**** PROVIDED RECORDS
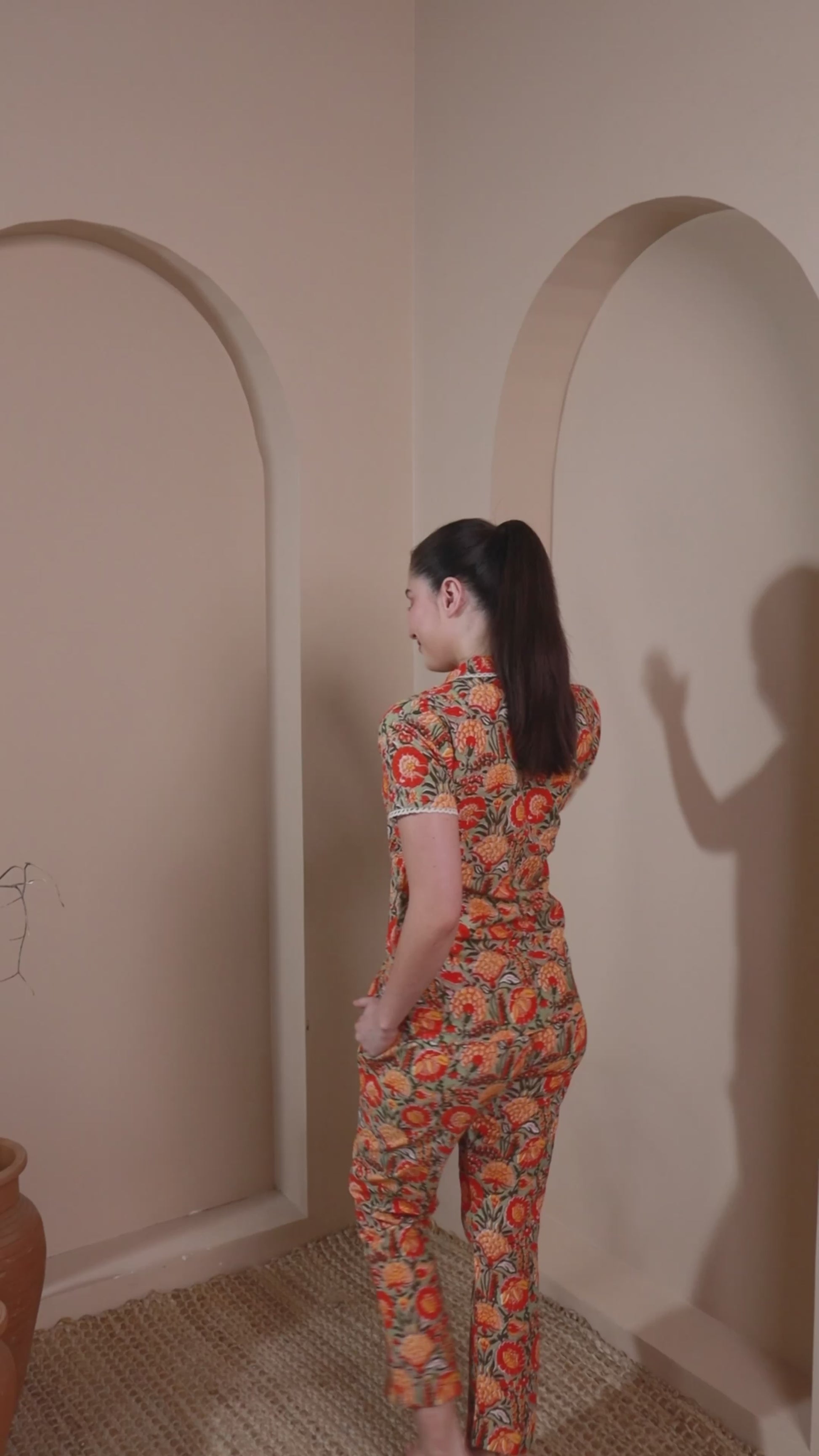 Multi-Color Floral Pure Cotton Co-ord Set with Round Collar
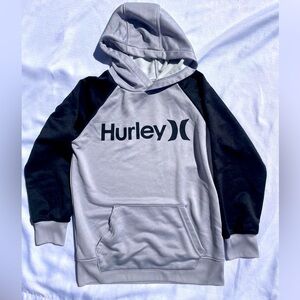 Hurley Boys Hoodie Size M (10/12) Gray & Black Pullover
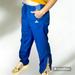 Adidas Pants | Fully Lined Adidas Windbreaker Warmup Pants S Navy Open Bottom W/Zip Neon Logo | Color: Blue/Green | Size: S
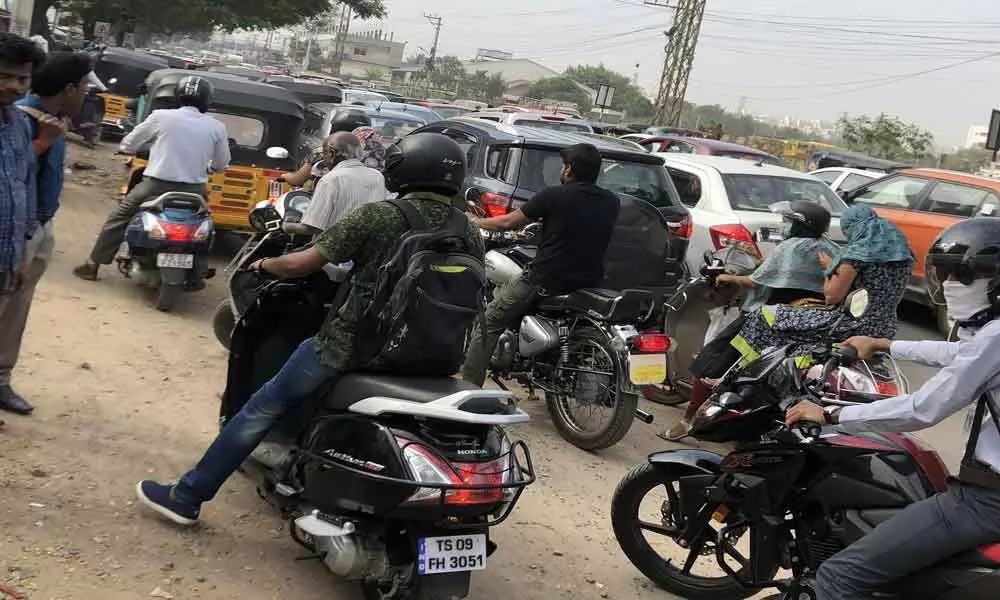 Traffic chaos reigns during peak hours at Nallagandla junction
********
**** PROVIDED RECORDS
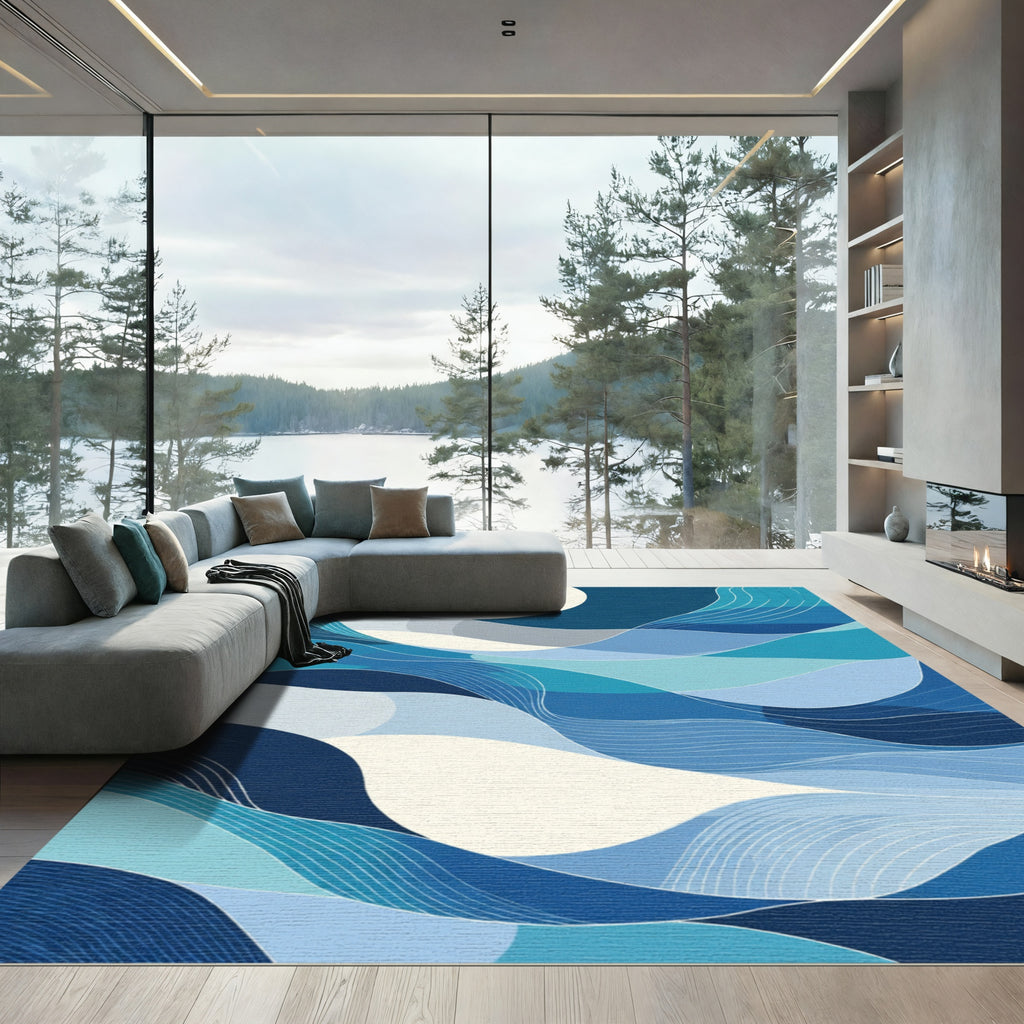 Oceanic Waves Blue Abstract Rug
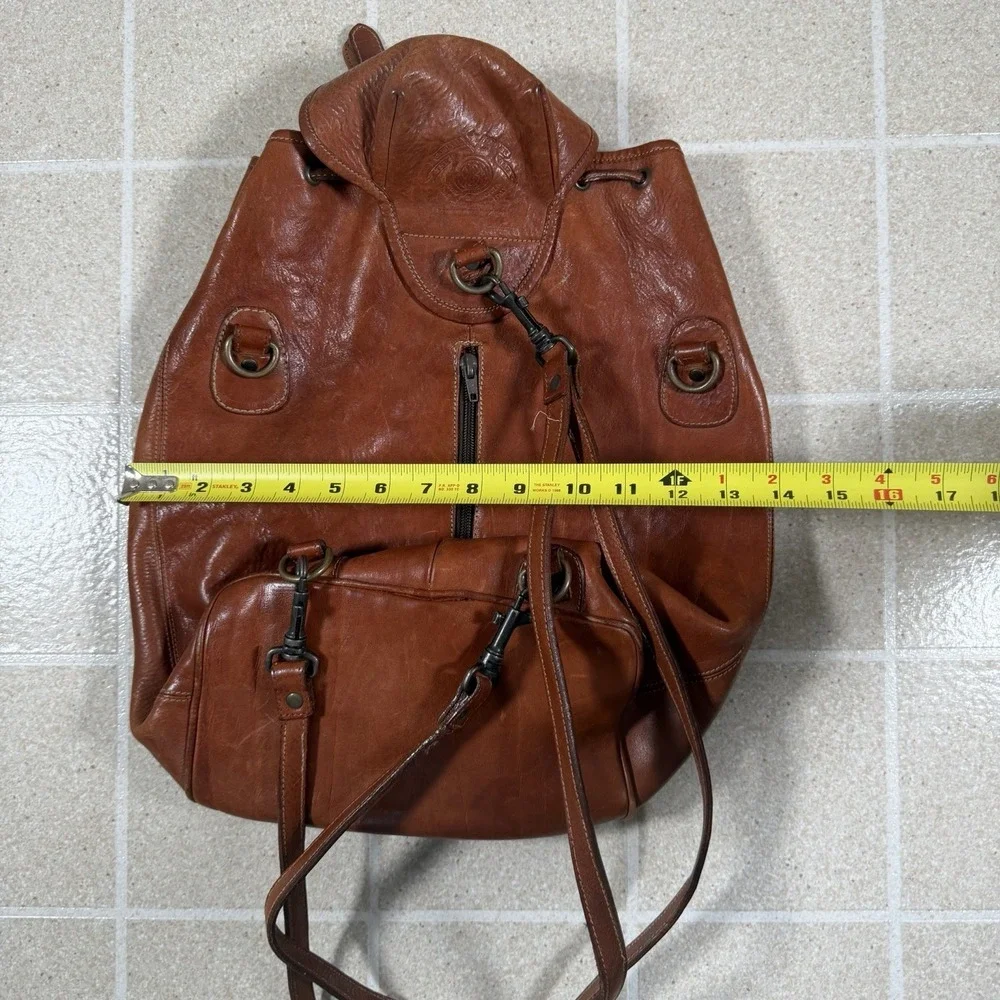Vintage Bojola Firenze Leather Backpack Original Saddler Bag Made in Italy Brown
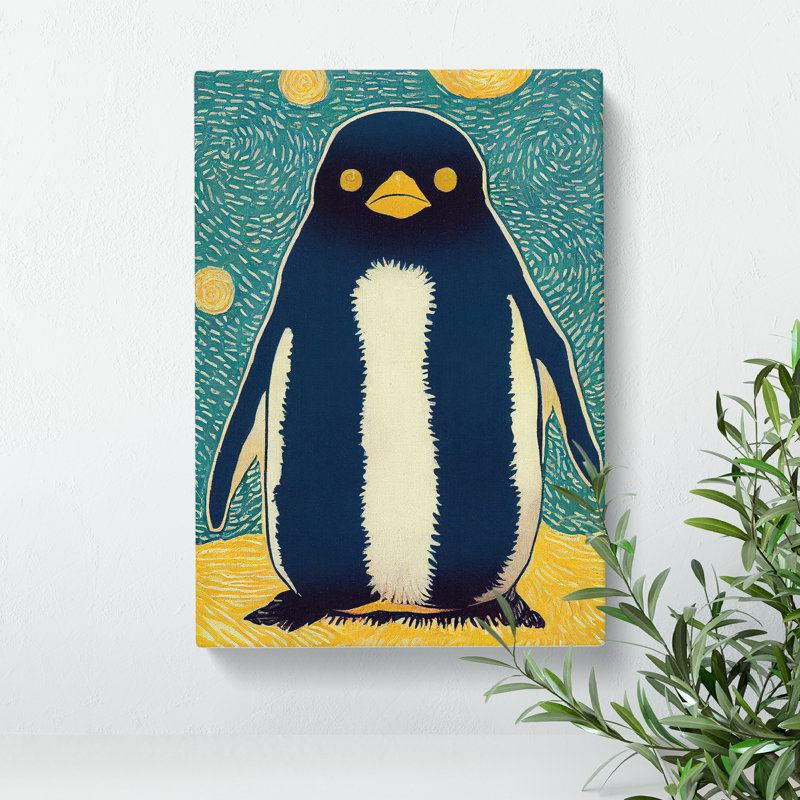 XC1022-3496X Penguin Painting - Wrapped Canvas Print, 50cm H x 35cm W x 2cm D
********
**** PROVIDED RECORDS
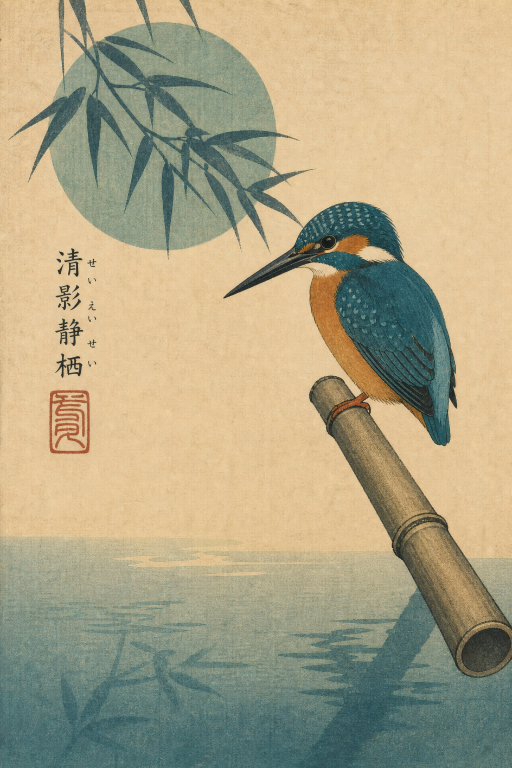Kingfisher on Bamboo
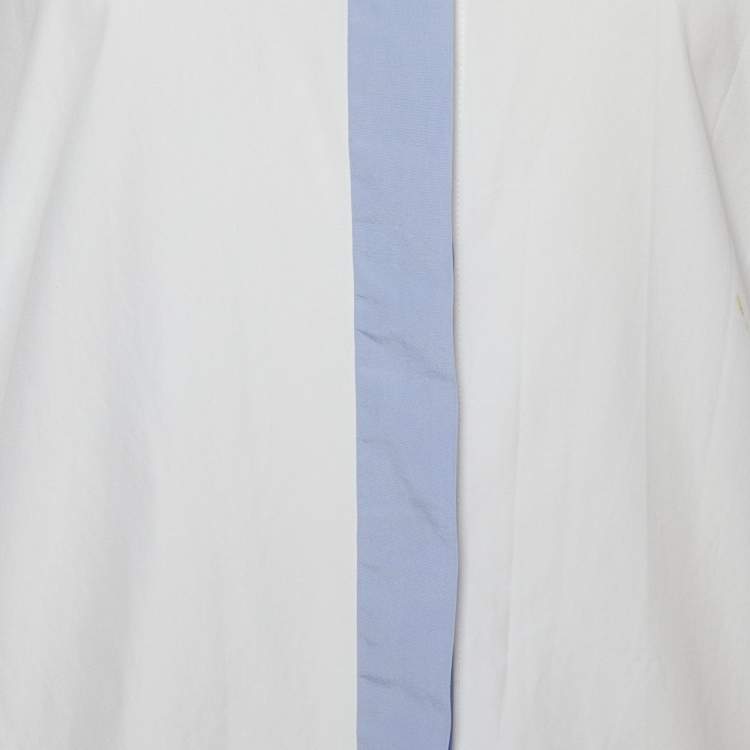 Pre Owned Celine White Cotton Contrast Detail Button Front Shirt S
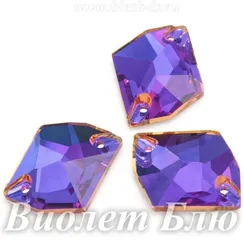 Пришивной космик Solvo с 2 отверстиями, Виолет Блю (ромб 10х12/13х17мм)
********
▶ [DIRECTIONS FOR THIS TASK]:
Write out exactly the run of lines above that starts at the line containing "Vintage Bojola Firenze" and ends at the line containing "XC1022-3496X Penguin Painting". Include both, and leave the pictures out.

▶ [SOLVED PROBLEM]:
Vintage Bojola Firenze Leather Backpack Original Saddler Bag Made in Italy Brown
 XC1022-3496X Penguin Painting - Wrapped Canvas Print, 50cm H x 35cm W x 2cm D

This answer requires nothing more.